Such is the case with The House with a Clock in Its Walls, a movie based on a book from the 1970s — written by John Bellairs with illustrations by Edward Gorey — that now feels like it’s playing catch-up. One point in its favor, you’d think, would be director Eli Roth, famous for the Hostel movies and other various feats of cinema gore. The odd fit of horror maven Roth and a gothic children’s adventure seemed to promise either disaster or something singularly wonderful, and while the result actually ends up somewhere in the middle, there’s a charm and a likeability to this story that’s tough to deny.

Young Lewis Barnavelt is a sweet, lonely kid who’s recently been orphaned (no scar on his forehead, at least) and is now going to live with his uncle Jonathan, who he barely knows. Jonathan is played by Jack Black, with all the panache but about a third of the manic energy that you might expect. The fact that Jonathan is a warlock and that the house he inhabits is, for all intents and purposes, alive is a secret that doesn’t stay hidden for very long, thankfully. Lewis actually gets up to speed on 90% of what’s going on around him pretty quickly, which is refreshing and which helps the movie get on with its business.

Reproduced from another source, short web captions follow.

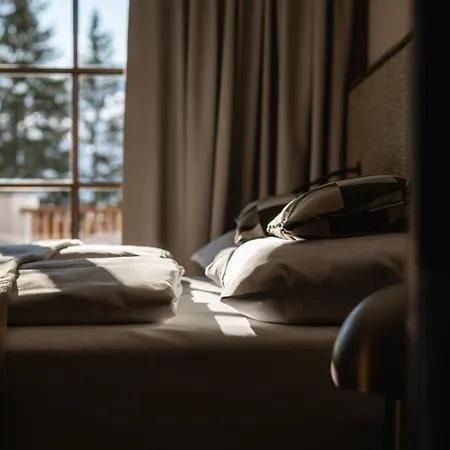 Aparthotel Bergmaehder - Alpine 4*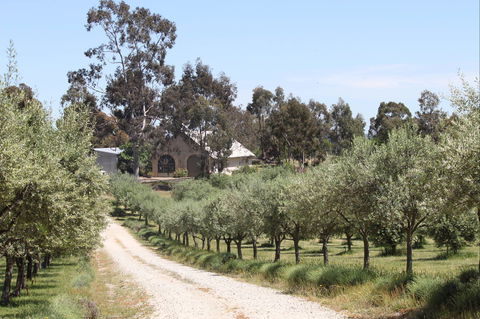 L'Oliveraie Olive Grove - Great Ocean Road Restaurant 0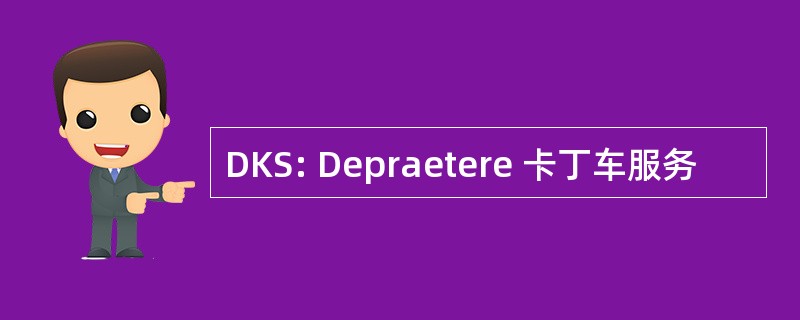 DKS: Depraetere 卡丁车服务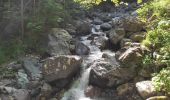 Trail Walking La Chapelle-en-Valgaudémar - Les Portes , Les cascades. - Photo 4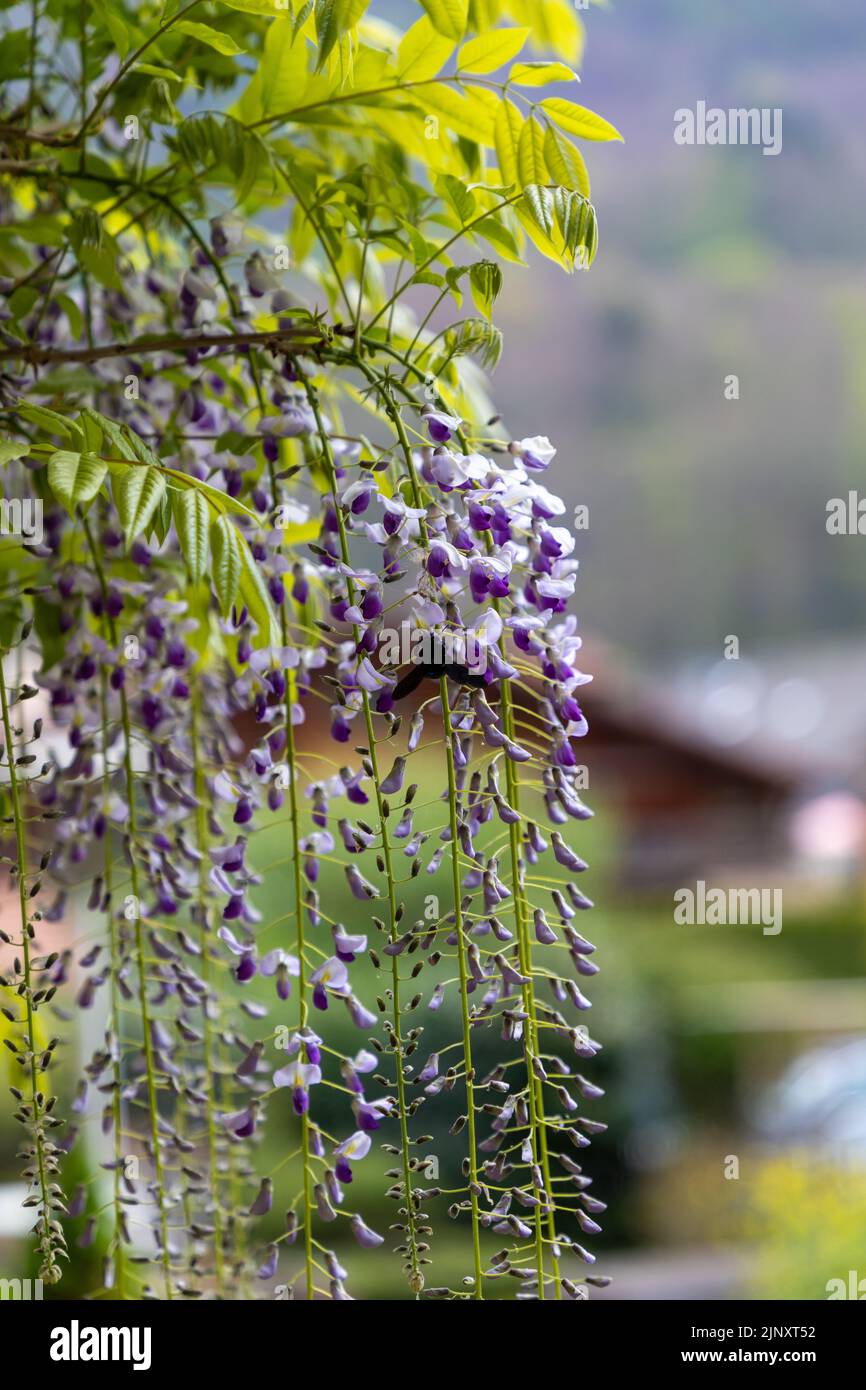 Accent sélectif sur les fleurs de Wisteria qui commencent à fleurir au printemps. Plante de vigne poussant sur un poteau métallique. Banque D'Images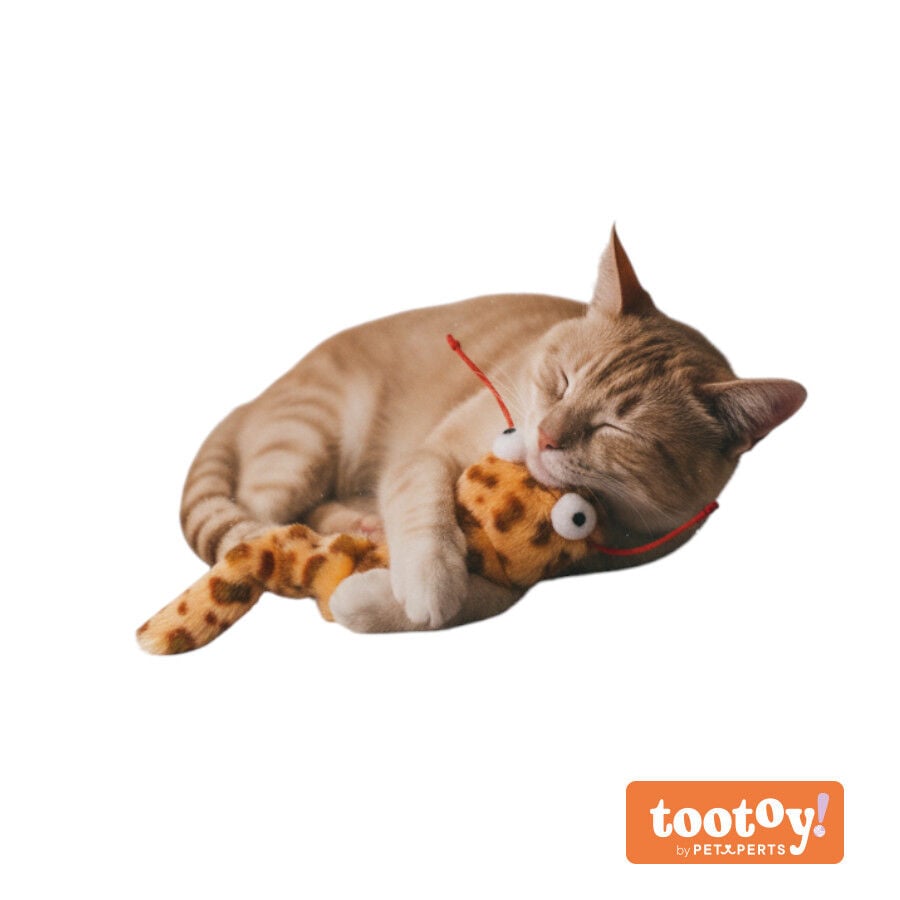 Tootoy! Serpiente de Peluche con Zumbido para gatos, , large Imagen numero 9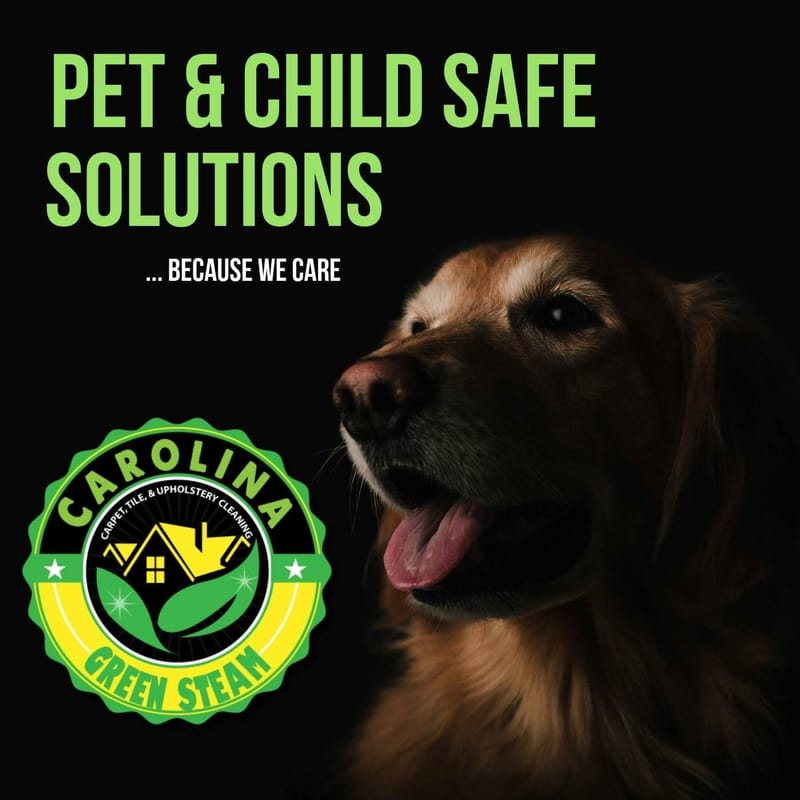 Carolina Green Steam provides pet odor treatments in the Summerville, South Carolina, area.”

 Stories like The House with a Clock in Its Walls live and die by how they populate their worlds with little tchotchkes and affectations. Not to bring up Harry Potter again, but the thing about Hogwarts wasn’t that it was so grand and important (though it was). It was the moving staircases and the talking portraits and the ghosts floating about and the secret rooms with wizards chess and giant, three-headed dogs. The titular house in this movie does indeed have a mysterious clock in its walls, a macguffin that, once its revealed loses much of its interest. What it could have used was a moving staircase or two.

But what keeps The House with a Clock in Its Walls moving and worthwhile is its cast, particularly the teaming of Black with Cate Blanchett, who plays Jonathan’s loyal friend and next-door neighbor, Florence. Their friendship — comprised as it is of a string of insults and exasperations — gave off the air of a couple of old, bitchy queens sniping at each other, and it was honestly a bit of a kick.

Once the plot kicks in, there’s refreshing forward momentum, and young Lewis makes for a great little protagonist. We get some deliciously brief performances from Kyle McLachlan and Renee Elise Goldsberry along the way (we also get one CGI visual of Jack Black that I don’t want to spoil, except to say that it will haunt your waking nightmares for the rest of your days), and even if the theme of family is not exactly a stranger to this genre, it fits this movie quite well. There’s a sentimental streak in this movie that feels genuine and earned, and it’s weird that it’s coming from Eli Roth, but just go with it.